Power-law Distributions in Binned Empirical Data

This page is a companion for the paper on power-law distributions in binned empirical data, written by Yogesh Virkar and Aaron Clauset (me). It presents a version of the power-law tools from here that work with data that are binned. This page hosts our implementations of the methods we describe in the article, including several by developers other than us. Our goal is for the methods to be widely accessible to the community.
NOTE: we cannot provide technical support for code not written by us, and we are busy with other projects now and so may not provide support for our own code.

Journal Reference
Y. Virkar and A. Clauset, Power-law distributions in binned empirical data. Annals of Applied Statistics 8(1), 89 - 119 (2014). (arXiv:1208.3524).
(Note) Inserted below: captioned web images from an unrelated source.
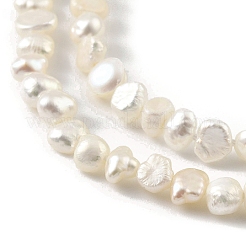 天然養殖淡水パールビーズ連売り  研磨両側  グレード4 A  フローラルホワイト  3~4mm  穴：0.5mm  約48個/連  6.89''（17.5センチメートル）&nbsp;PEAR-A006-02C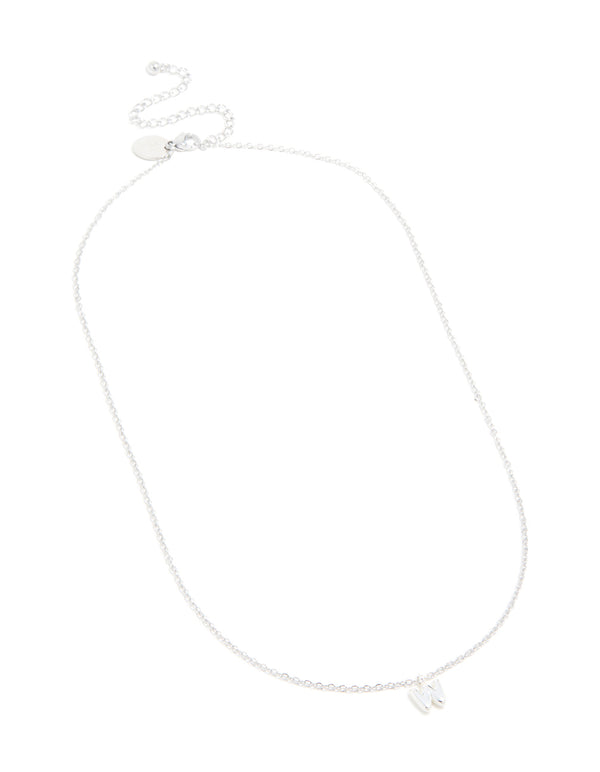 Beautiful waterproof stainless steel mini bubble letter W necklace pendant in silver front view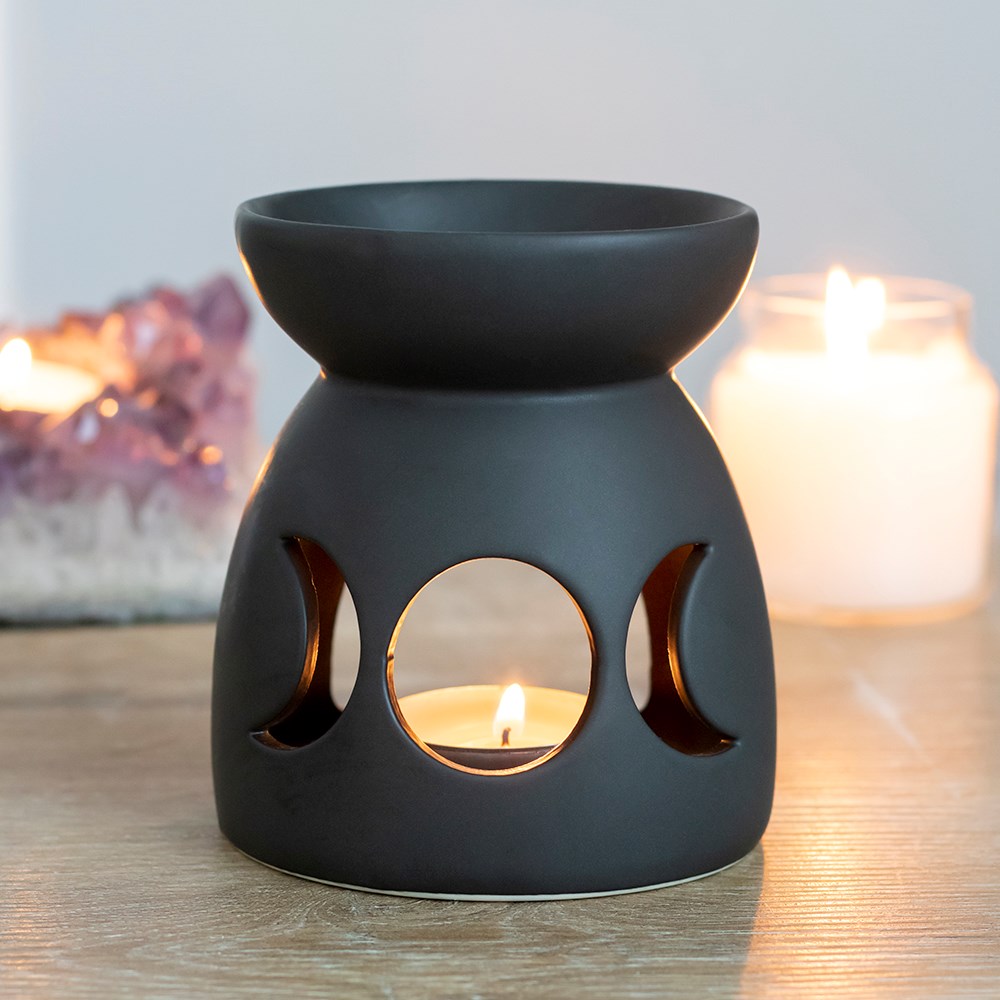 Triple Moon – schwarze Keramik-Duftlampe für Duftöl &amp; Wachs-Melts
Fitting a binned power-law distribution
This function fits a power-law model to binned data using maximum likelihood estimator discussed in the paper. It uses a goodness-of-fit based method to estimate the lower bound for the scaling region. Additional information can be obtained by typing 'help bplfit' at the Matlab command window.
bplfit.m (Matlab, by Yogesh Virkar)

Visualizing the plotting function
This function plots (on log-log axes) the binned empirical data along with the fitted power-law model. Additional information can be obtained by typing 'help bplplot' at the Matlab command window.
bplplot.m (Matlab, by Yogesh Virkar)

Estimating uncertainty in the fitted parameters
This function estimates the uncertainty in estimated parameters for the power-law model using nonparametric bootstrap approach. Additional information can be obtained by typing 'help bplvar' at the Matlab command window.
bplvar.m (Matlab, by Yogesh Virkar)

Calculating p-value for the fitted power-law model
Using the Kolmogorov-Smirnov statistic as a distance measure between data and fitted model and semi-parametric bootstrap for resampling of data, this function calculates the plausibility of the fitted power-law model. Additional information can be obtained by typing 'help bplpva' at the Matlab command window.
bplpva.m (Matlab, by Yogesh Virkar)

Comparing to alternative distributions
Using maximum likelihood estimator found for each alternative distribution (exponential, stretched exponential, lognormal and power law with exponential cut off), these functions fit the corresponding alternative distribution to binned data. Additional information about usage can be obtained by typing help name_of_function.
bexpnfit.m (Matlab, by Yogesh Virkar)
bstexpfit.m (Matlab, by Yogesh Virkar)
blgnormfit.m (Matlab, by Yogesh Virkar)
bplcutfit.m (Matlab, by Yogesh Virkar)

Calculating likelihood ratio
This function implements the log likelihood ratio test explained in the paper to compare between different fitted models. Additional information about usage can be obtained by typing 'help blrtest'.
blrtest.m (Matlab, by Yogesh Virkar)

Calculating probability density functions
This function calculates the probability density function for specified type of model. Finding PDFs can be useful for model comparison (See 'blrtest.m'). Additional information about usage can be obtained by typing 'help getPDF'.
getPDF.m (Matlab, by Yogesh Virkar)

Download all files
All the functions implemented above are available as a single downloadable zip file here.
Full Matlab package (by Yogesh Virkar)

A note about bugs and alternative implementations
The code provided here is provided as-is, with no warranty, with no guarantees of technical support or maintenance, etc. If you experience problems while using the code, please let us know via email. We are also happy to host (or link to) implementations of any of these functions in other programming languages, in the interest of facilitating their more widespread use. That being said, all such code also comes with no warranties, etc. If you do have questions about any of the implementations, please contact the respective function's author.
Finally, if you use our code in an academic publication, it would be courteous of you to thank Yogesh in your acknowledgements for providing you with implementations of the methods.

Data sets used
All data sets used in the paper are either previously published or are available online.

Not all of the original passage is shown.